MTA officials touted Fulton Center as a bold step into the 21st century that shows how the city has risen after the 9/11 terror attacks.
“This building stands as a testament to the resilience and strength of the city since that day,” MTA Chair Thomas Prendergast said.
He believes the station’s features — much of which were paid for with federal stimulus funds — will become as iconic as the lions outside the New York Public Library.
The new structure’s most eye-catching architectural element is an oculus, a 110-foot-high glass opening above a massive atrium that lets sunlight down to two levels below street level.
Builders had analyzed the sun’s path over the building to maximize the amount of light that enters the station.
“Magical would not be too strong a word,” said Michael Horodniceanu, president of MTA Capital Construction.

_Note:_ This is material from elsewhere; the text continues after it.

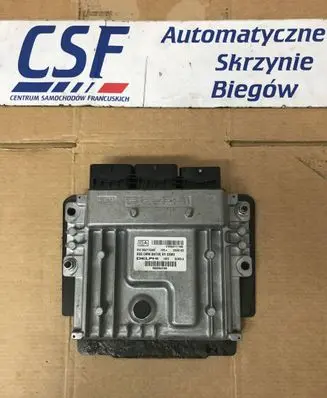 Citroen DS5 Engine control unit/module 9802943180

The facility has a glass and steel shell and 66,000 square feet of retail and office space for stores that will be leased by the Westfield Group, a retail developer.
It also has a 350-foot-long walkway under Dey Street between Broadway and Church Street.
The station will connect with the World Trade Center Transportation Hub when it opens next year.
Three MTA station agents will serve the hundreds of thousands of people who will go through the center, but Westfield will handle most of the hub’s upkeep.
Almost 350 security cameras will keep the new center safe, and the NYPD will protect the nonretail parts of the station.
Security company Allied Barton will provide around-the-clock security for the shop space.